A product vision may sound like something large corporates work on. It may sound like a waste of time. However, a good product vision helps your team make the right choices while building your product.
Do I really need to spend time on this?
Yes! We believe every company needs a product vision. Whether you are starting out and still have to write the first line of code or have been in the business for decades. But it doesn’t even stop with developing it. You also have to maintain a product vision because it will very likely evolve over time.
It is the foundation for so many aspects that define the features you should or shouldn't include in your product, how things work and even how the team functions.When you have a vision, each person within your company is empowered to make decisions that align with this vision.
So what is a product vision?
In short, a vision paints a picture of your customer’s world when your product fully delivers what you have in mind. By definition, this is utopian, probably unattainable, but it is a perfect north star to aim for.
Vision is often mentioned along with other terms like mission, values, and goals. We'll define those as well to show how we think they complement each other.
While the vision paints a picture of the future, the mission states what your product does right now to make that vision reality.
The values clarify how your product completes the mission and gets to the vision.
A company should have a vision, but a product should also have one. For a typical SaaS company with only one product, they may be the same — but not necessarily; think about the ambition the company has to grow in a number of products, for example.
How do I use these tools?
The vision, mission, values, and goals are there to help anyone in the organization understand what your product does. They provide direction to everyone, not just your product development team, even though they are the first to reap the benefits of having this.
For the sales team, this means they can target specific leads that align with the vision and for which your product can offer the best solution for their problems. Similarly, the support team can better act as a filter for new feature ideas because they can judge whether it fits with the vision.
But even in the product team itself, the vision, mission, and values can be used to evaluate every new problem to solve, every technical decision, prioritize every issue on the roadmap, and validate any solution proposed.
And finally, for everyone, a compelling vision inspires and motivates a team.
What if I don’t?
When a product & engineering team lacks a vision, it results in unclear or ever-changing priorities because customers dictate what they want to build as short-term solutions for their problems.
On the sales and marketing side, your team might be selling features that do not exist or are relevant for specific customers, resulting in product bloat and tension between the sales team and the product team.

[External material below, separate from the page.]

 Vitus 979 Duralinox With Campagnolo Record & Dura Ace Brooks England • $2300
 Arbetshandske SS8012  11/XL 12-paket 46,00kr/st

So while you think you are listening to your customers, ignoring your vision can lead to a bloated product with too many features to maintain, eventually causing development to grind to a halt.
When do I need to review the product vision?
Whenever your product seems to be outside the market, whenever you add new products to or remove them from, your company's offering. Basically, whenever there is a new insight into the market you want to play in.
Another moment would be when the vision doesn't help your team anymore. This could be because the vision may be too vague or too detailed. Remember that the purpose is to help everyone in your company to make decisions as autonomously as possible.
Especially when you're still trying to find your market fit, your vision is subject to change. Your vision should be something you are strongly opinionated on but is loosely held.
You need a product vision. It's the basis of almost any decision anyone in the company makes that involves your product offering. You have to develop and maintain it and ensure everyone in the company knows and understands it. It'll make your product offering that much more coherent.